Harboring the Criminal

Naturally, we offered him our best:
the bed, the girl, the fenced-in woods.
And my father not a talkative man.
Even our small-town sun was startled
by his bravura. They carried back
a deer, bleeding queenly on her tarp.
He disassociated head from trunk.
Such spunk proved beyond our imagining.
They bunked together like brothers.
The rooms thickened with pheromones.
My mother withdrew to her gardening
shed, where, frankly, she’d been happiest.
Wasps nested in the clouds of her hair.
We were glad to be rid of them.
In another poem, a girl goes missing.

 

Traveling Saleswomen

If the heart be not in the right
place, pack it, crate it, love it to peanuts

in the suitcase. Your valise:
comb, fume, mother’s portrait entombed. The ladies

sighed and flunked peculiar white flowers
in your wake.
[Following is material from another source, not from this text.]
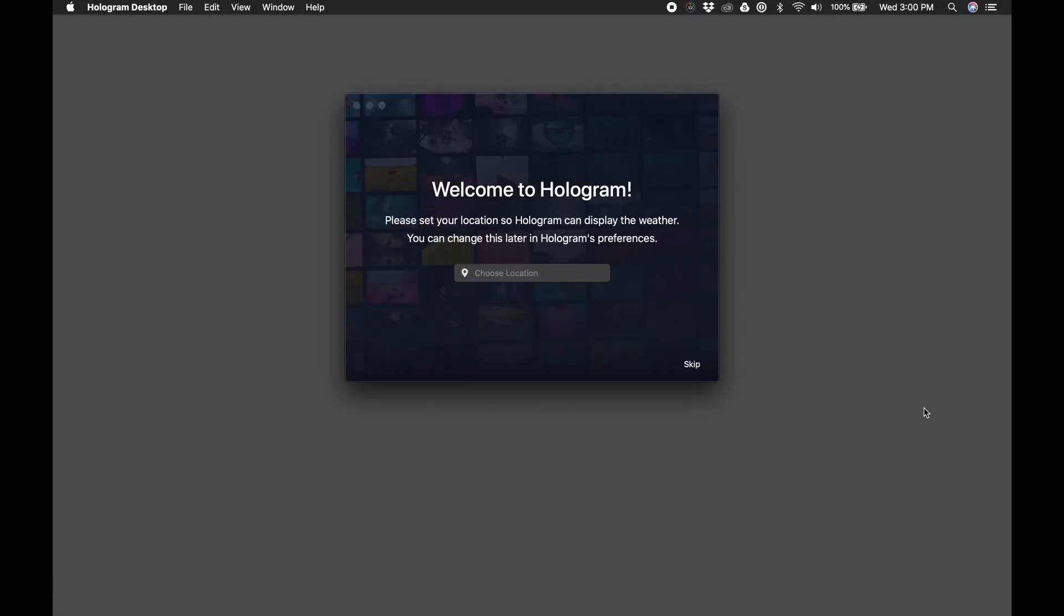Hi everybody, Rick Ellis from Idea Punch here. In this video I'm going to show you how to use Hologram.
In the neighborhood, fruit is soothed

until still, painted rapt and juicy,
inevitable flies the only thing permitted move.  

 



Michelle Chan Brown’s Double Agent won the 2012 Kore First Book Award, judged by Bhanu Kapil. Her work has appeared or is forthcoming in Blackbird, Cimarron Review, The Missouri Review, Sycamore Review, Witness, and others. A chapbook, The Clever Decoys, is available from LATR Editions (2010). A Kundiman fellow, she lives in Washington, D.C., where she teaches, writes, and edits Drunken Boat. See also www.michellechanbrown.com.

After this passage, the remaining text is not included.